“You can’t go out there right now,” says my interpreter. “Because of the landmines,” adds my driver. Earlier this month, we were driving through eastern Ukraine as part of a convoy for the NGO I work with (when I’m not writing about Tchaikovsky’s spit or monkey masturbation as it relates to the offstage life of Enrico Caruso) when we passed the historical site of the Battle of Poltava. The 1709 battle’s historical significance extends beyond its role as turning point in the Great Northern War between Sweden and Russia. It’s also a decisive moment in the history of Ukrainian independence: One of Peter the Great’s favorites, the local military commander and Ukrainian separatist Ivan Mazepa, defected to the Swedish side under Charles XII. While the battle was a bloodbath for the Swedes, Mazepa’s defiance of the tsar made him a national hero.

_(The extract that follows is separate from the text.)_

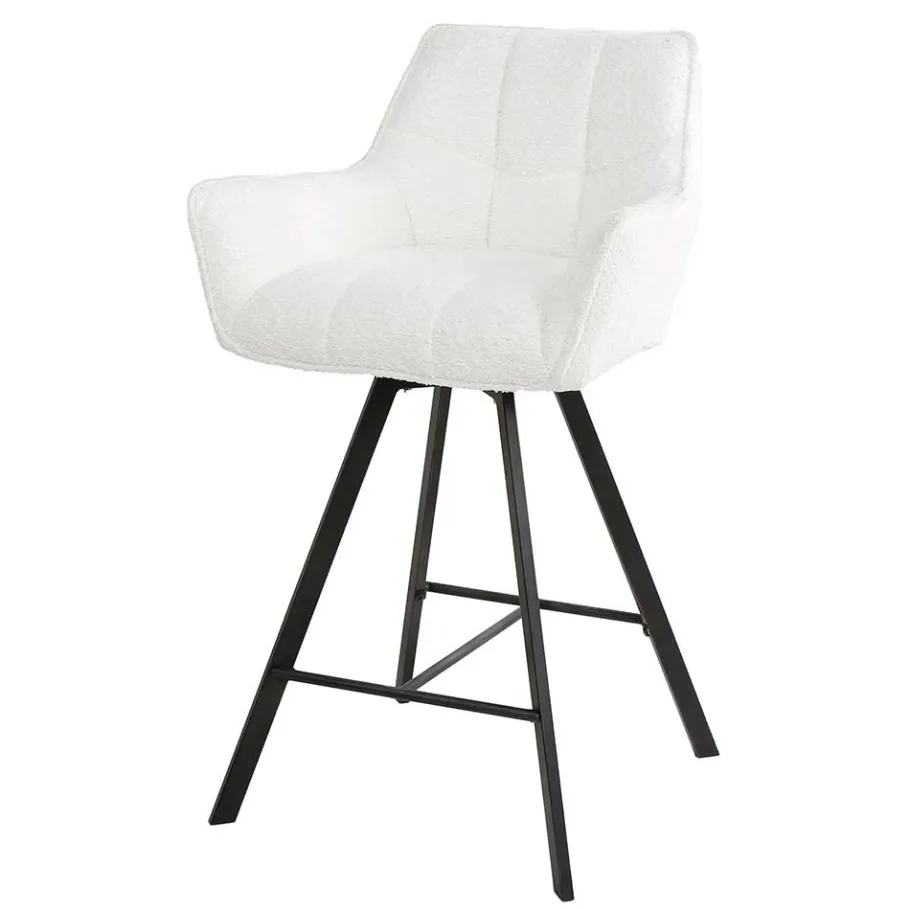 Clearance Wohnen Barstuhl mit Drehgestell in Creme Boucle - Queen (2er Set)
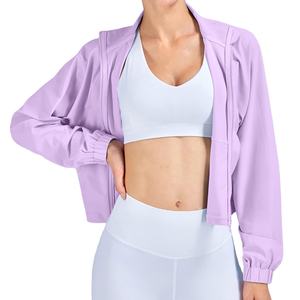 Women's Slim Fit Gym Fitness <b>Workout</b> Cropped Tops Long Sleeve Yoga Coat Zipper Design Sports Wear Running Yoga <b>Jacket</b> for Women - Product Image 1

The landmines are a recent addition; one of the latest salvos in an ongoing fight for self determination.
As it happened, I’d spent part of that drive back to Poltava listening to a recent—and somewhat brain-breaking—recording of an opera by German Baroque composer Johann Mattheson. Physically, the Hamburg resident wouldn’t have been anywhere near the fields of Poltava in the summer of 1709. He was, however, close to it from a professional standpoint. Seated close to the mouth of the Elbe, which was largely controlled by Denmark on the right bank and by Sweden on the left, Hamburg was a major port of call during its time as an imperial city of the Holy Roman Empire; a cosmopolitan crossroads of politics and commerce.
It was a society whose uppermost echelons served as a Xanadu for Mattheson, the son of a humble tax collector. At age 12, he got his first taste of the rarefied air when he was appointed as a page at the local court of Ulrik Frederik Gyldenløve (brother to Denmark’s King Christian V and effectively the Vice King of Norway). In addition to his official duties, this was where his musical talent as a boy soprano and keyboardist were encouraged. The attention was intoxicating.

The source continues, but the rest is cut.